IL TRONO DI SPADE 8X05, LA RECENSIONE: FUOCO, CENERE E LACRIME SU APPRODO DEL RE
Un triste presagio scorreva nelle ultime volontà di Missandei. Una regina crudele alle sue spalle, una regina ferita difronte. E poi lei, in mezzo, a proferire quell’ormai familiare parola che oggi riecheggia nella cenere come un tremendo spoiler. Apriamo questa recensione de Il trono di Spade 8×05, The Bells, rievocando quel fiero “Dracarys” ascoltato appena sette giorni fa sulle mura di Approdo del Re.

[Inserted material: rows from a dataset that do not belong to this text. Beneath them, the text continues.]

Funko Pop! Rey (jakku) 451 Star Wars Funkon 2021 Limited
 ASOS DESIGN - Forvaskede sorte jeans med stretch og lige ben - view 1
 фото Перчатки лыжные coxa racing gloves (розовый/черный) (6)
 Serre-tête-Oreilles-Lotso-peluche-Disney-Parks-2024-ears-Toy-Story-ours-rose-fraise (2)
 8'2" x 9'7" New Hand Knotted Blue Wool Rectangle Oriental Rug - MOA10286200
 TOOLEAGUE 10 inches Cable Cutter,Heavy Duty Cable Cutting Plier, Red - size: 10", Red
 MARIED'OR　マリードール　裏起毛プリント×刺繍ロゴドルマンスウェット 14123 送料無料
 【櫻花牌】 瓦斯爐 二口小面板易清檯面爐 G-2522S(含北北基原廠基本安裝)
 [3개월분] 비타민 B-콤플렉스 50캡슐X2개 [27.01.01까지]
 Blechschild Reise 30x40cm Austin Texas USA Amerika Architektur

Parole pronunciate da un personaggio in apparenza secondario, ma in realtà fondamentale in quanto intima confidente e unica amica di Daenerys Targaryen (il cognome, questa volta, è d’obbligo). Missandei ha vissuto al fianco della Madre dei Draghi tante tappe fondamentali dell’inarrestabile ascesa di colei che è nata dalla tempesta. Donne che si sono riconosciute nel comune desiderio di spezzare le proprie catene, autodefinirsi e ottenere la propria rivincita su tutto il male subito nel corso delle loro vite.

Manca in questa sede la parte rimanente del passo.